Ceci n'est pas une fatalité

Quarante-deux ans après la fermeture de sa mine, Normétal, en Abitibi, se maintient grâce à quelques rêveurs bien décidés à ne pas abandonner la partie. Mais comment continuer à y croire, quand les perspectives économiques semblent bouchées?

Considéré dans ce texte

Les 75 ans de Normétal. Les minières et les forestières. L’absence de considération pour les communautés des «régions-ressources». Le plan Vautrin et les colons. Les pains à hotdogs comme levier de résistance. La volonté de se réinventer, quand on semble arrivé au bout de sa mission.

Tournoi de balle molle, encan de bibelots, tirage au sort. Pendant que Montréal aligne les millions pour souligner son 375e anniversaire, son anagramme Normétal recourt à de bien plus modestes activités pour financer les festivités qui marqueront, en aout 2017, ses 75 ans.
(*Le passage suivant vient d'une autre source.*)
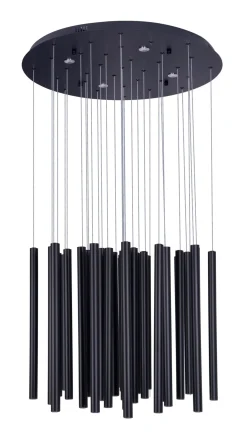 Pendelleuchte 'Organic 5B'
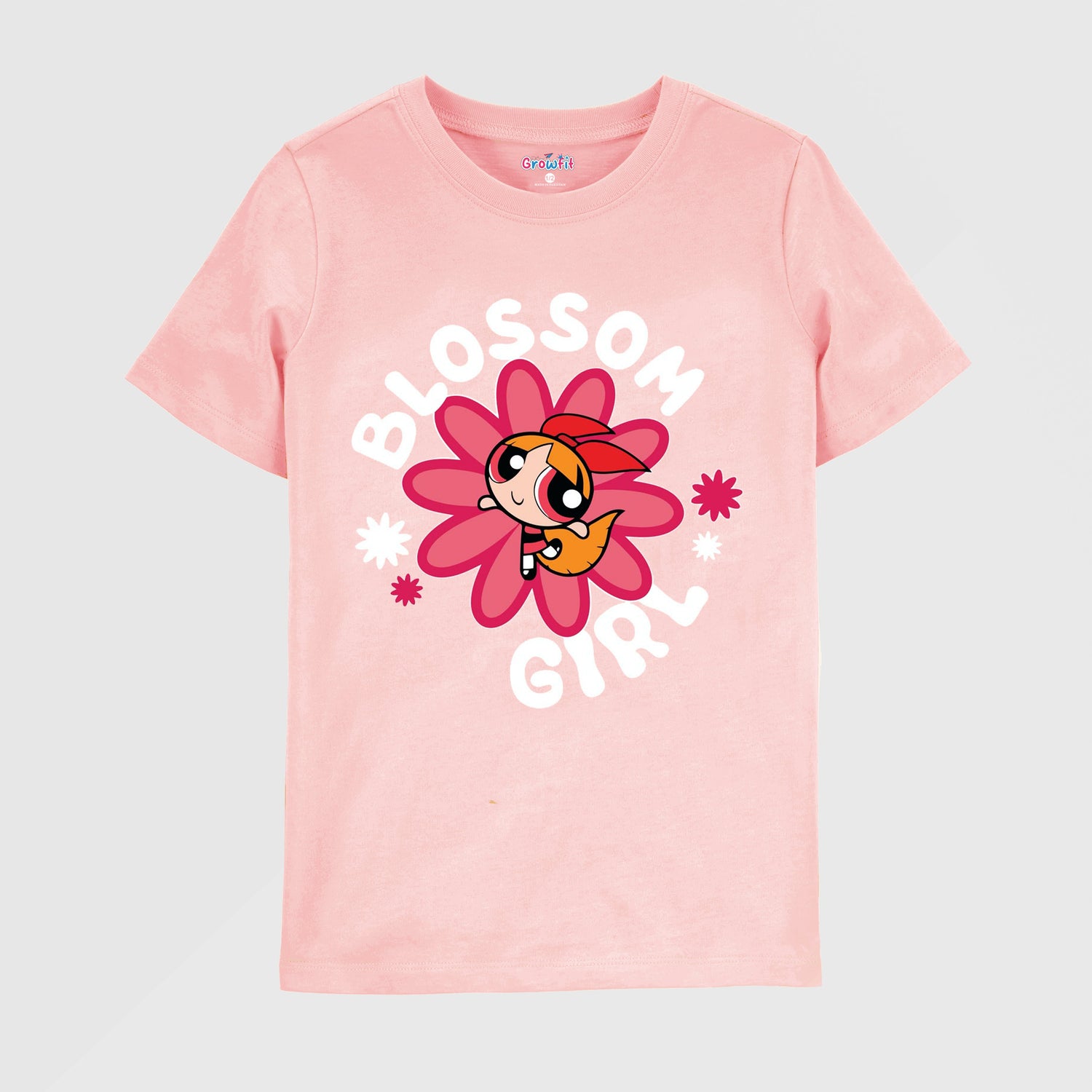 Growfit Tee 015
Ce village situé aux portes de la baie James, à neuf heures de route de Montréal, a connu des temps plus prospères. Ses rues en portent quelques indices: une enfilade de wagonnets remplis de fleurs, un monument en hommage aux 26 mineurs décédés dans les galeries de la Normetal Mining Corporation, ou encore ce terrain vague, immense tapis de graminées, qui fut le site de l’une des mines les plus riches du Québec quand la Seconde Guerre mondiale avalait avec appétit le cuivre du Bouclier canadien.

En 1942, à la naissance de la paroisse de Normétal, la mine était une planche de salut pour les colons déçus par le plan Vautrin de 1935. Le gouvernement provincial leur avait présenté le «retour à la terre» et le défrichage des lots forestiers abitibiens comme un paradis, mais il s’avérait beaucoup plus payant de travailler la terre de l’intérieur. Près de 20 ans plus tard, quand Gilles Groulx, ce grand documentariste québécois, est venu immortaliser la mine pour le compte de l’onf, celle-ci tournait à son maximum et employait 635 personnes.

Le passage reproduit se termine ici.